A significant proportion of agricultural research systems possesses a complex and interconnected multivariate nature, meaning that they involve multiple variables and factors that influence the outcomes. In response to this complexity, the field of agricultural research has turned to the utilization of multivariate statistics. These sophisticated statistical techniques have garnered widespread adoption due to their effectiveness in handling diverse and interrelated data sets. Multivariate statistics play a pivotal role in facilitating a comprehensive understanding of the data collected from various aspects of agriculture. It enables researchers to extract novel insights from the data that might not be apparent through conventional univariate analyses. These insights can lead to the discovery of innovative strategies for improving overall agricultural productivity. Recognizing the importance of multivariate statistics and soil-crop sensing to improve nutrient use efficiency and monitor carbon cycling, this special issue collected four papers focusing on the spatial prediction of soil nutrients and site-specific nutrient management.

The variability of soil nutrients is influenced by a variety of environmental factors. To understand the spatial behaviour of total available phosphorus, Zhang et al. (2023) conducted a study in Northeast China during freeze–thaw cycles. They used Moran's I index to incorporate spatial patterns into the mapping process. The impact of environmental factors, such as topography and nutrients, on soil phosphorus was analysed using a structural equation model. From the spatial analysis, they found that the soil steepness, pH and soil carbon are the key factors that influence the available phosphorus at all soil depths.

Several attempts were made to increase the number of spatial covariates incorporated in the modelling process and to use a flexible, non-linear model structure, aiming for an accurate prediction model. A study by Zhao et al. (2023) generated a digital soil map for soil organic carbon in a sugarcane field, using multiple sensors (electromagnetic induction, Gamma-ray, and Vis–NIR) for accurate mapping. These maps enabled a reduction in fertilizer costs to 36% while achieving baseline yield potential. This study also highlighted research gaps in including remote sensing data in the modelling process to improve the prediction capability of soil carbon content.

Designing appropriate sets of digital covariates to model soil properties is key to producing accurate maps of soil nutrients and enabling efficient land management. In a study conducted in northeastern Iran, Keshavarzi et al. (2023) used machine learning algorithms to predict the spatial distribution of soil micronutrients (iron, zinc, copper, and manganese).

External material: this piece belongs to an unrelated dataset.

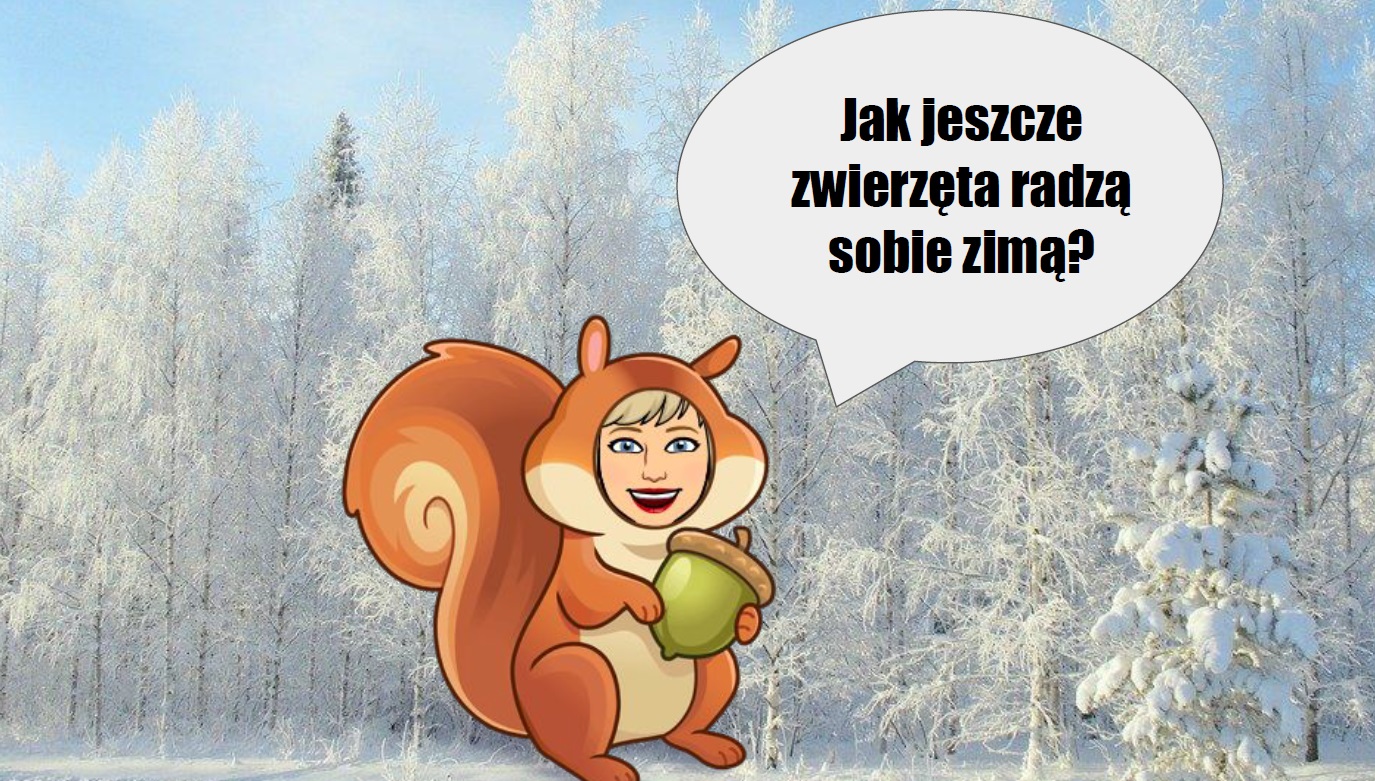 Zwierzęta Które Zasypiają Na Zimę Przedszkole Jak zimują zwierzęta? - prezentacja. - Klasa pani Żanety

They tested different sets of digital covariates (including satellite and climate data) and found that accurate maps could be obtained when expert opinions were integrated into the modelling process, effectively identifying micronutrient deficiencies and excess hotspots in the study area.

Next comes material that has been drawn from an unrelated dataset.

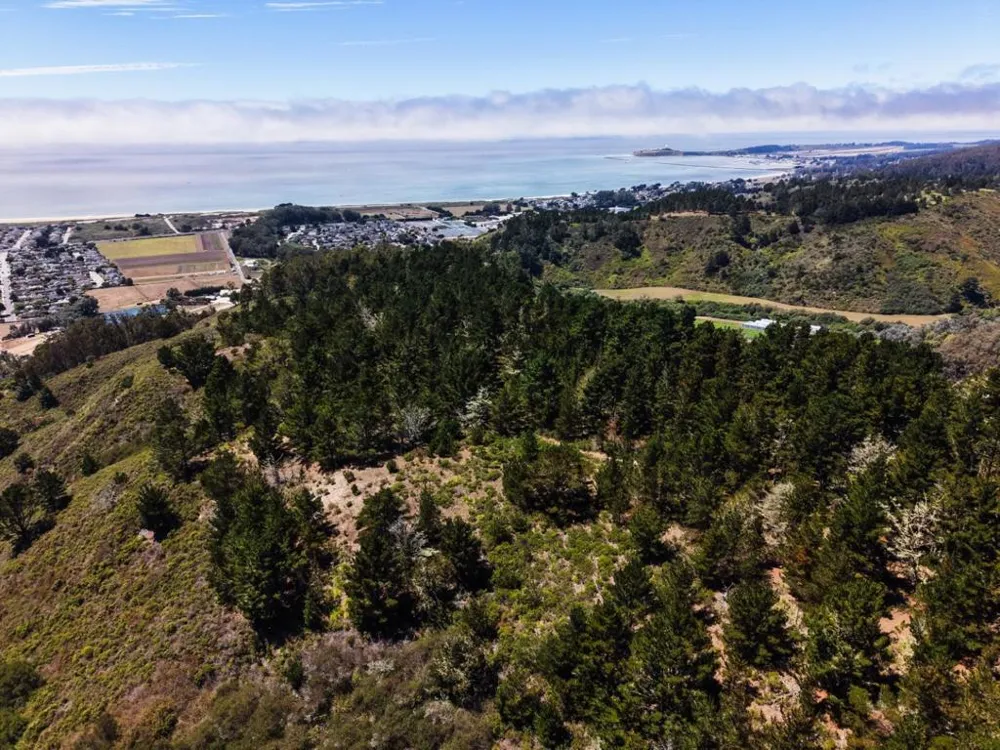 Frenchmans Creek Road Half Moon Bay, CA 94019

Finally, Corti et al. (2023) developed a new decision support system to apply cattle manure and urea to maize based on the spatial variability of soil and crop properties, testing its performance in a two-year field trial in northern Italy. Inputs to the decision support system were derived from geophysical methods, near-infrared spectroscopy, and multispectral images of maize and yield maps. Compared to a fixed nitrogen rate, site-specific nitrogen management showed no reduction in yield and nitrogen uptake and demonstrated potential environmental benefits in the less yielding zones of the field.

This special issue thus provides examples showing how embracing technological advances and developing sustainable nutrient management practices can help us maintain soil resources with minimized impact on the environment.